Now, we run symbolic regression on our combined dataset:

X = [X;X_new]
Y = [Y;Y_new]
hall_of_fame = EquationSearch(X', Y, options=options, niterations=100, runtests=false, parallelism=:serial)
n_best = min(length(hall_of_fame.members),n_best_max) 
best_models = sort(hall_of_fame.members,by=member->member.loss)[1:n_best]
plot(0.0:0.01:10.0,y.(0.0:0.01:10.0),lw=5,label="true model",ls=:dash);
model_structures = Function[]
for i = 1:n_best
    eqn = node_to_symbolic(best_models[i].tree, options,varMap=["x"])
    println(eqn)
    fi = build_function(eqn, x, expression=Val{false})
    x_plot = Float64[]
    y_plot = Float64[]
    for x_try in 0.0:0.01:10.0
        try
            y_try = fi(x_try)
            append!(x_plot,x_try)
            append!(y_plot,y_try)
        catch
        end
    end
    plot!(x_plot, y_plot,label="model $i");
    push!(model_structures,fi)
end
scatter!(X,Y,ms=5,label="data");
plot!(xlabel="x",ylabel="y", ylims=(-1.2,1.8));
plot!(tickfontsize=12, guidefontsize=14, legendfontsize=8, grid=false, dpi=600)

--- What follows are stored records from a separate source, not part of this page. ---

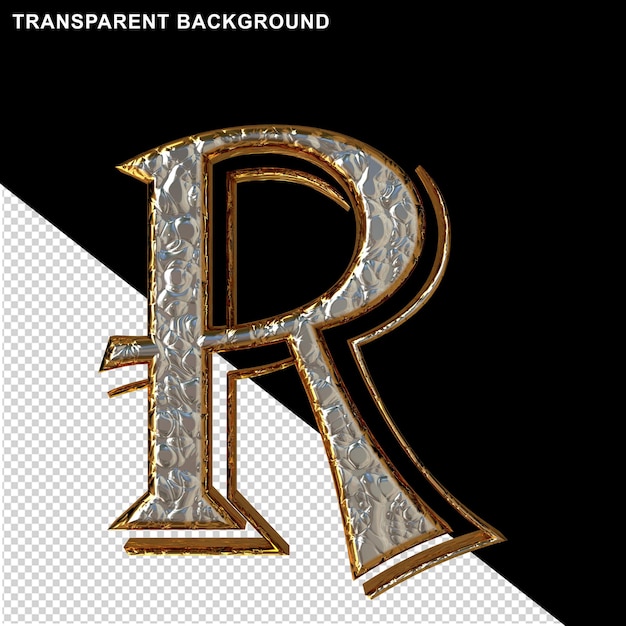 Silver letters in a gold frame letter r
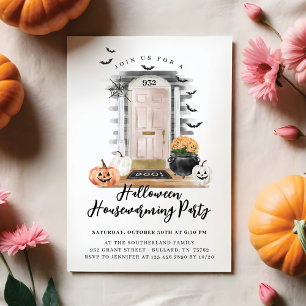 Fun Halloween Housewarming Party Pink Front Door Announcement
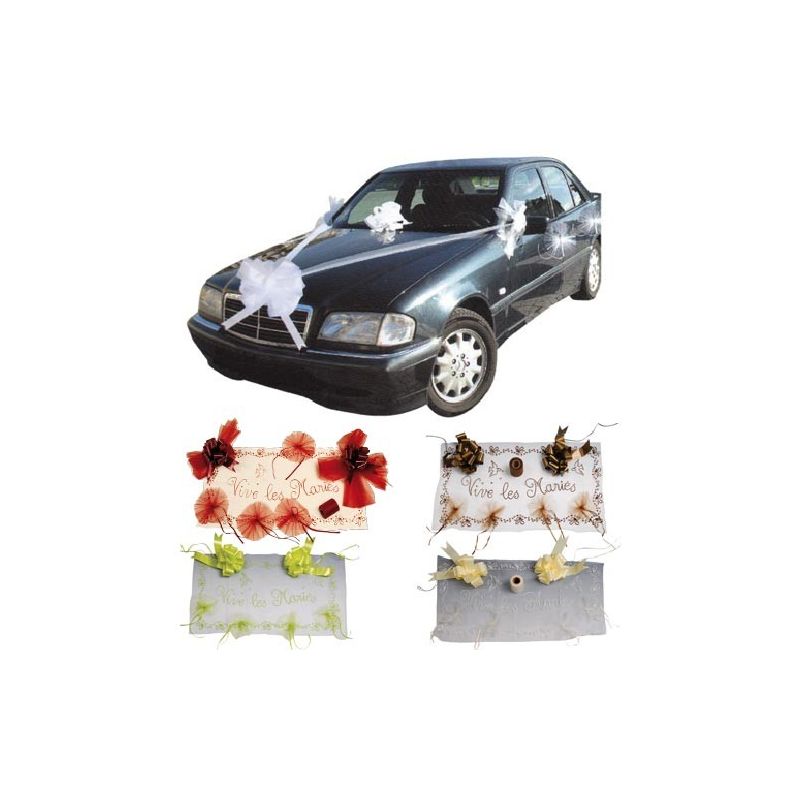 Décoration Voiture De Mariage Blanche - Kit Avec 2 Rubans Tulle 160cm + 11 Fleurs Artificielles à Ventouses, Pour Cérémonie élégante
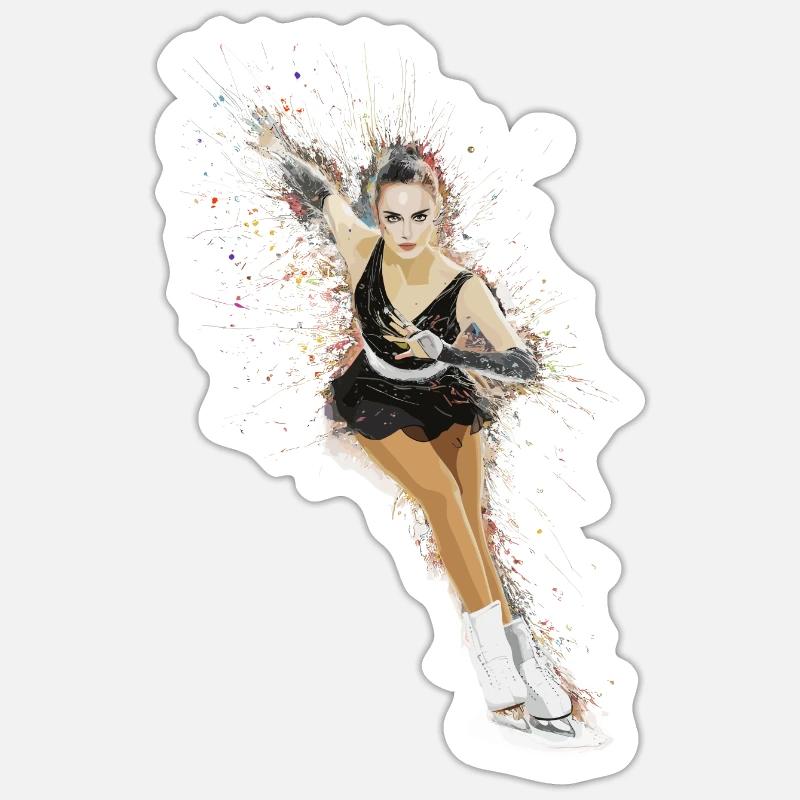 Dynamisches Eiskunstlaufen für einen - Sticker Größe S (10 x 10 cm) - Mattweiß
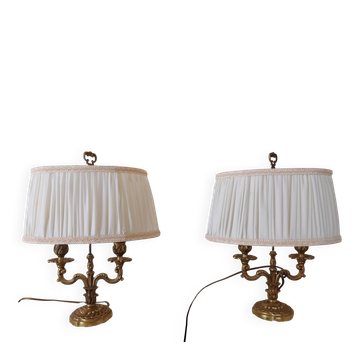 pair of hot water bottle lamps in gilded bronze in the Louis XV style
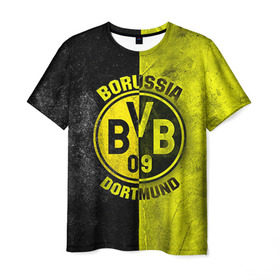 Мужская футболка 3D с принтом BVB в Тюмени, 100% полиэфир | прямой крой, круглый вырез горловины, длина до линии бедер | bvb | спорт | фк | футбол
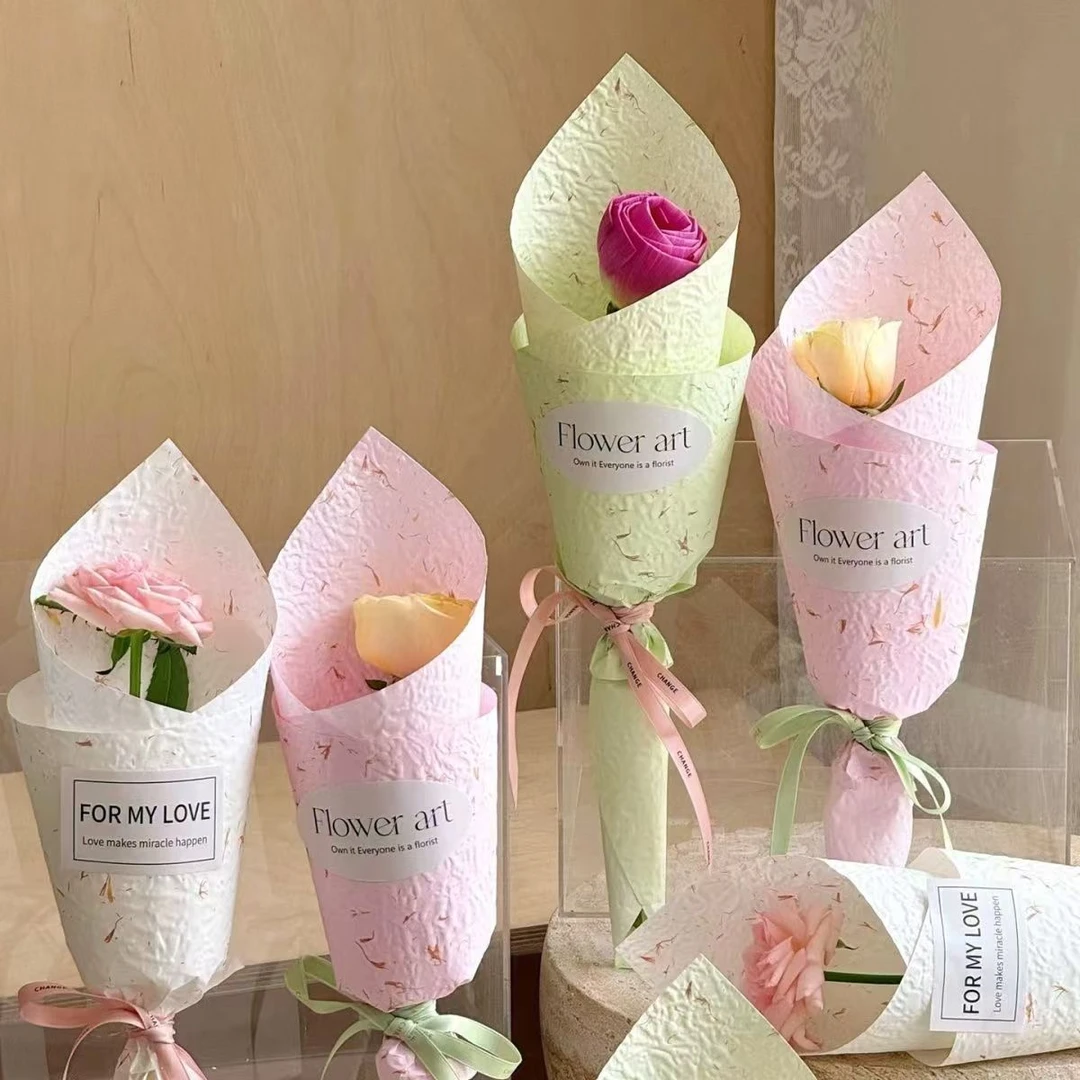 新款手撕花瓣压纹风华纸加厚防水耐撕鲜花包装纸花资材花束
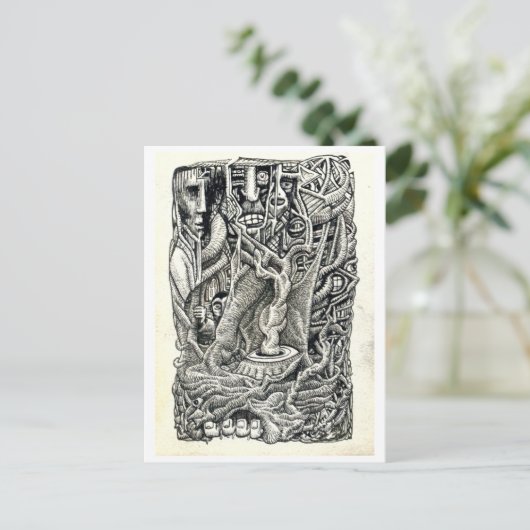 In de kelder briefkaart (Staand voorkant)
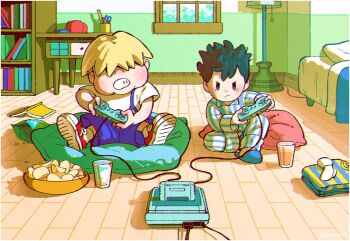 2boys bed bedroom blonde_hair blue_footwear blue_overalls book bookshelf chips_(food) clenched_teeth closed_mouth commentary controller cup folded_clothes food game_console game_controller hair_over_eyes hat highres indoors kwsby_124 lamp long_sleeves male_focus messy_hair mother_(series) mother_2 multiple_boys ness_(mother_2) nintendo on_floor overalls pajamas pillow playing_games porky_minch potato_chips red_footwear shirt shoes sitting slippers sneakers socks striped_clothes striped_pajamas super_famicom symbol-only_commentary teeth unworn_hat unworn_headwear white_shirt white_socks window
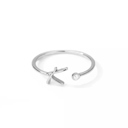K Silver Initial Letter Ring | Initial Jewelry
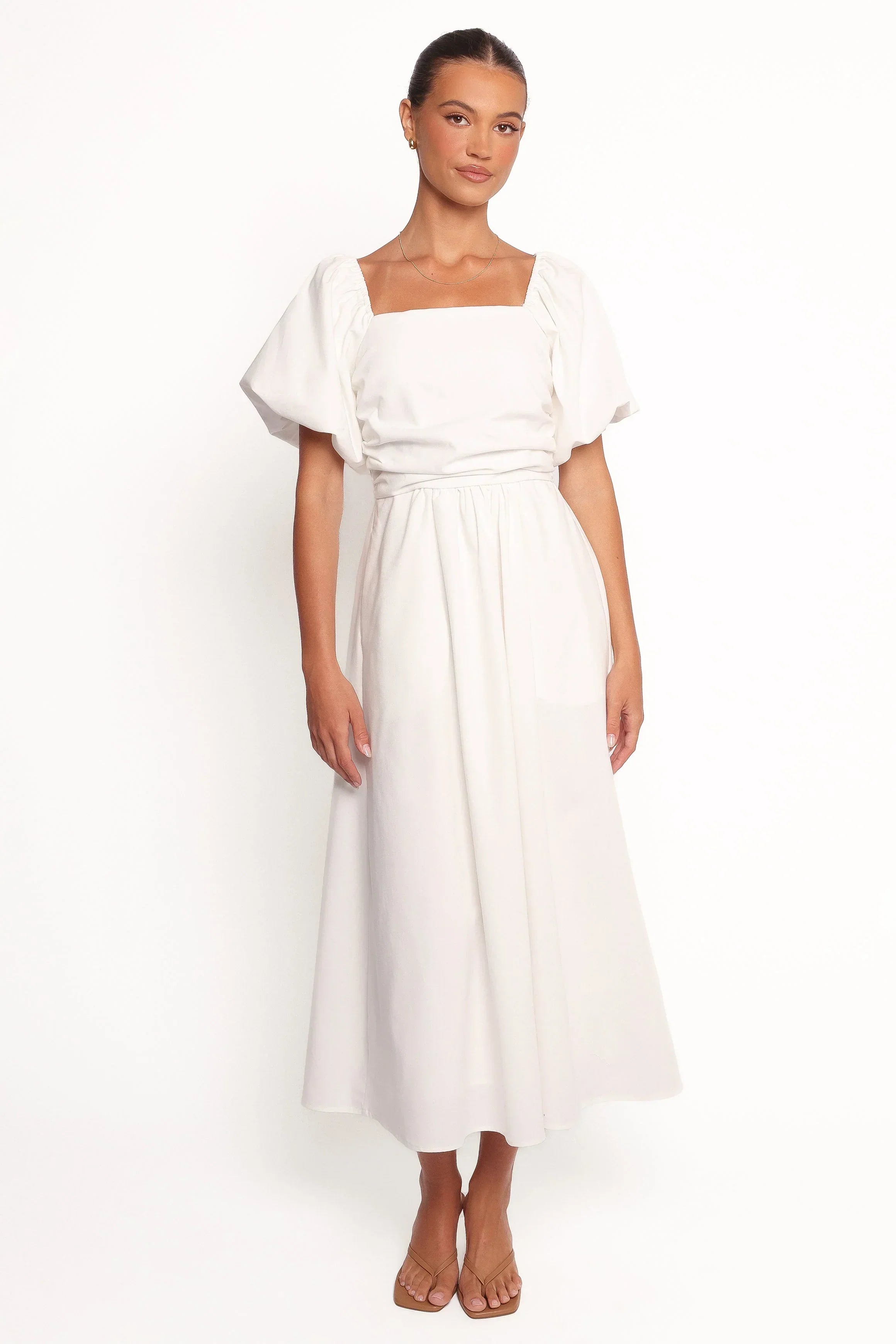 Robe midi Clo à manches bouffantes - Blanc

cos(1.5707963268004939 * x) - (sin(x * -6.283185344000339) / (exp(x) - (-3.6820752424157317e-8 * (exp(x) + 1.1011581435364508))))
cos(1.5707963268004939 * x) - (sin(-6.283185344000339 * x) / (exp(x) - (-3.6820752424157317e-8 * exp(x))))
cos(1.5707963268004939 * x) - (sin(x * -6.283185344000339) / (exp(x) - ((x + 1.1011581435364508) * -3.6820752424157317e-8)))
cos(x * 1.5707963268004939) - (sin(x * -6.283185344000339) / ((exp(x) - 1.5752699418768323) + 1.5752701705815984))
cos(1.5707963268004939 * x) - (sin(x * -6.283185344000339) / (exp(x) - (-3.6820752424157317e-8 * x)))
cos(1.5707963268004939 * x) - (sin(x * -6.283185344000339) / (exp(x) - -3.6820752424157317e-8))
cos(x * 1.5707963268004939) - (sin(-6.283185344000339 * x) / exp(x))
cos((x - -2.973035511273684e-6) * 1.5707957537647865) - (sin(x * -6.2831665710382785) / exp(x))
cos(x * 1.5707791141382517) - sin(sin(-6.286309274467023 * x) / exp(x))
cos(x * 1.5718434218299882) - (-0.030041072681216516 / (1.2656975994705448 - x))

Et voilà, we found the correct model structure, with only 3 new observations!

Note
In fact we found it multiple times, with expressions like $sin(x-x)$. Again, punishing for needless complexity would be of added value here.